It’s Raining Cats and Kittens –– Broken Ones, Even
Here’s another pair of tales from the trenches, ones that’ll almost certainly make you cringe like they did me this morning (Friday, by now). But even more: They p***ed me off. (Can I say that in bloglandia? If not, bloglandia be damned for its silly scruples.)
So what set me off? Consider Case Number 1:
a. A client of one of my in-house colleague’s calls me on my cell at the crack of dawn (I never gave her my number).
b. He claims his cat’s guts are hanging out after she was spayed (not by me) last week.
c. I tell him to take the cat to an emergency hospital and never call me on my cell phone ever again.
Now, that may sound harsh but this is one client you don’t want calling you. In fact, this is one client you don’t want. at. all. Which is why he’s my colleague’s client and not mine. But still, he’s calling me. Probably because he couldn’t reach his preferred vet and thought I’d do just as well for an early morning ER session.
So there I was, mid-morning, feeling all crappy about how bitchy I’d just been to this poor old coot, and how one of his many cats was paying the price for it, when he finally drops the cat off. And guess what? This wasn’t a recently spayed cat. No, this was an older, never spayed cat with hulking, hard, ulcerated holes where her nipples should have been.
Mammary cancer in cats can be a very unfriendly condition. And for the record, it doesn’t come up overnight. Neither does it warrant an emergency wake-up call. What it does demand, however, is a reasonably perceptive owner who actually interacts with the animals he calls his own … and early intervention; which this cat’s owner was clearly incapable of providing.

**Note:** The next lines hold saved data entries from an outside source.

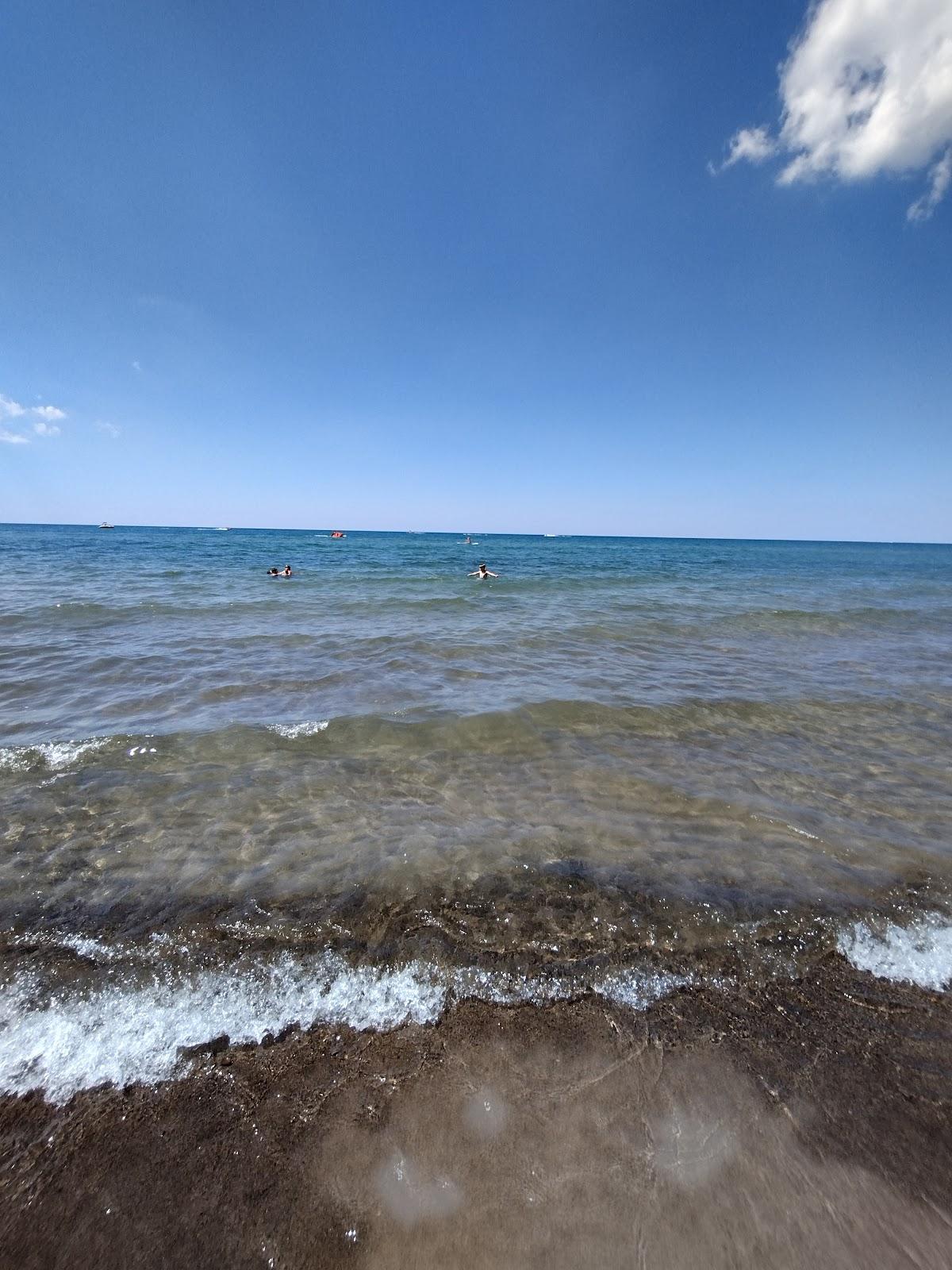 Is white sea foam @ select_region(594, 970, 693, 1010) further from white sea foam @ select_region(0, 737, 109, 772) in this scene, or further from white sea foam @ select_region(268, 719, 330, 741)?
white sea foam @ select_region(0, 737, 109, 772)

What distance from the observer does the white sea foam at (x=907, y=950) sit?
288cm

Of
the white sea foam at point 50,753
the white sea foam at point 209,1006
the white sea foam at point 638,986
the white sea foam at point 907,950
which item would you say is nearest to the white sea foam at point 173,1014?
the white sea foam at point 209,1006

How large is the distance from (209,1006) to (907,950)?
4103mm

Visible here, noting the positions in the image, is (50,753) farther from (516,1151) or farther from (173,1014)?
(516,1151)

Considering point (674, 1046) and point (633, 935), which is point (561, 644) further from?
point (674, 1046)

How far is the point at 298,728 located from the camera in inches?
251

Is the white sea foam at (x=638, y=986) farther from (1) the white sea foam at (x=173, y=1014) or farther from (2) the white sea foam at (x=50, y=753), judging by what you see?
(2) the white sea foam at (x=50, y=753)

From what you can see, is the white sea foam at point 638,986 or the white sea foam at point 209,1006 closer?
the white sea foam at point 209,1006

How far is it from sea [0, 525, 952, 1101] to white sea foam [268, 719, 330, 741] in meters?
0.06

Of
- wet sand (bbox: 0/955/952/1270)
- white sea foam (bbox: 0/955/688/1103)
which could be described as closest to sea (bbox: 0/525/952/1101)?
white sea foam (bbox: 0/955/688/1103)

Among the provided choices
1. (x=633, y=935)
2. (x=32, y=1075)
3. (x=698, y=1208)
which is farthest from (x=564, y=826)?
(x=32, y=1075)

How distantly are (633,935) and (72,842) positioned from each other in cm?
440

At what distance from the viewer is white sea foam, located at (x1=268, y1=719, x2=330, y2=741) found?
619 cm

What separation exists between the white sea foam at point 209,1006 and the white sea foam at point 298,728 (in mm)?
3210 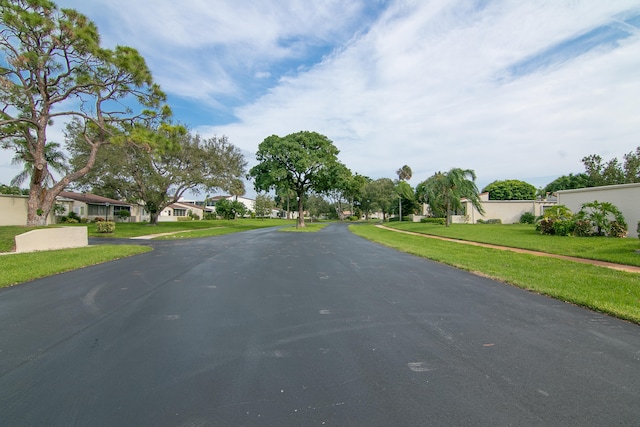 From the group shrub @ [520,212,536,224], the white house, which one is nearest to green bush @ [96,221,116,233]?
the white house

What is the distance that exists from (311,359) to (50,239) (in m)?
16.4

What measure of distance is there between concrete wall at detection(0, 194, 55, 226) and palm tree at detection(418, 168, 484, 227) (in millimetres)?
32904

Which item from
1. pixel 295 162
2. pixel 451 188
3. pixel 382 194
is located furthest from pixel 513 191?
pixel 295 162

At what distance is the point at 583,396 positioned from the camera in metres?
2.90

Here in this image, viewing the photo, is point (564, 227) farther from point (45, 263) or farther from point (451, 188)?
point (45, 263)

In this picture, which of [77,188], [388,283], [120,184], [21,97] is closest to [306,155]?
[120,184]

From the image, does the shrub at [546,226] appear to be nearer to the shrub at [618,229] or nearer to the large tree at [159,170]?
the shrub at [618,229]

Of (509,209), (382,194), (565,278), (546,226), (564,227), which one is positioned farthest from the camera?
(382,194)

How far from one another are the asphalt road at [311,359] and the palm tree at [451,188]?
72.3ft

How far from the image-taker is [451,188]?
27875 mm

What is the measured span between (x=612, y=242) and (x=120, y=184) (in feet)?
120

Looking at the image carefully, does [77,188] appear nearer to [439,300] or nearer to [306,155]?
[306,155]

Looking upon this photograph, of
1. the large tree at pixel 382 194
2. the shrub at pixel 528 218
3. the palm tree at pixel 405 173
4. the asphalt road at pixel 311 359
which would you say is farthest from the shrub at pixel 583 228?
the palm tree at pixel 405 173

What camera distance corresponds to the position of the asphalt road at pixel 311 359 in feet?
8.82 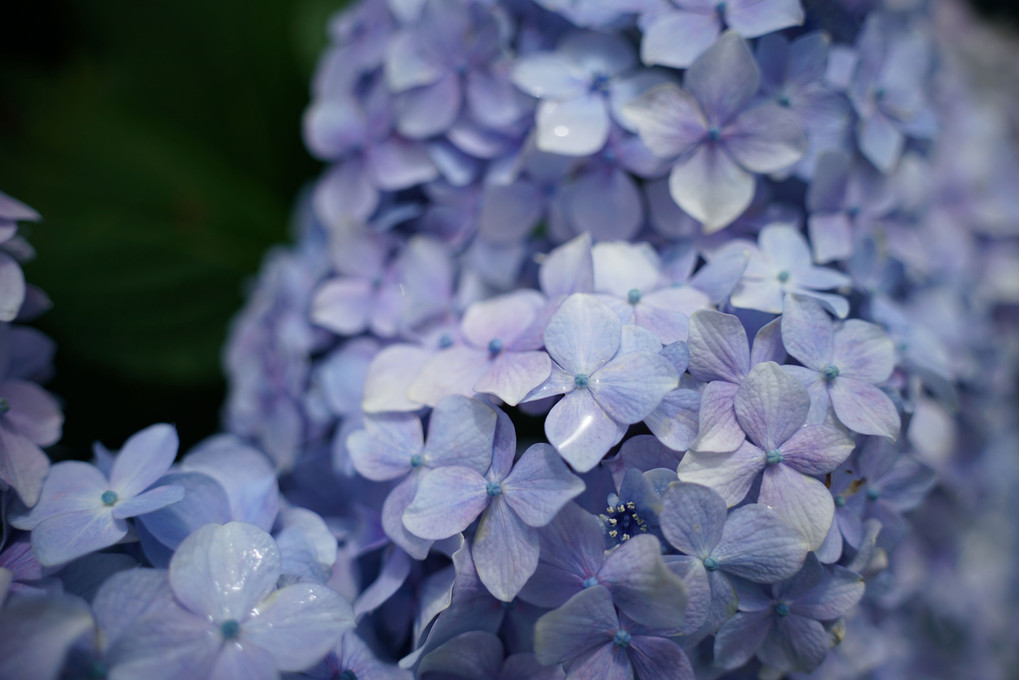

And yet, he had the gall to be angry that I put him off for two hours. "She took her time enjoying her breakfast while my cat suffered."
What a bastard.
Then there’s the kitten, Case Number 2:
"Abandoned kitten," I’d read on the record as I entered the room. But that was perhaps the grossest understatement I’d been treated to all week. Consider:
- A greasy, grey, 6-week-old kitten, weighing all of a pound soaking wet
- Poorly responsive, recumbent
- Dehydrated, emaciated
- Breathing heavily, limbs all unnaturally splayed akimbo
- Dirty, oily and — yes — maggoty
This baby girl had probably been mauled gently by a big dog. Now, usually these kittens die fast, but this one either had the benefit of a playful predator, or the opportunity to get away fast. Both, most likely, seeing as it was still alive a full four days (!) after the "owner" found her.
The list of her ills? (CAUTION: Do not read the next paragraph if you’re queasy and/or eating breakfast.)
Bite wounds everywhere, all deeply abscessed and maggot-infested (one even emerged from the little girl’s vulva!), a fractured femoral head on the left, a fractured left humerus (right through the growth plate, dammit!), and pulmonary contusions.
That’s what drives me all crazy. You find a kitten. You care for it. You feed it with a dropper. You try to fix it up by anointing its festering wounds with olive oil (btw, not the thing to do unless you want some dressing with your maggots). And a few days later you decide it’s time to seek professional help.
What’s up with that?
I mean, what were you thinking?
Here in Miami it’s been raining every single day since Monday. And I’ve got to say we’re so overdue for rain I can’t help welcoming every drop. But the storm of broken cats and kittens? That’s got to stop. Compared to the relentless drizzle, it’s Chinese water torture.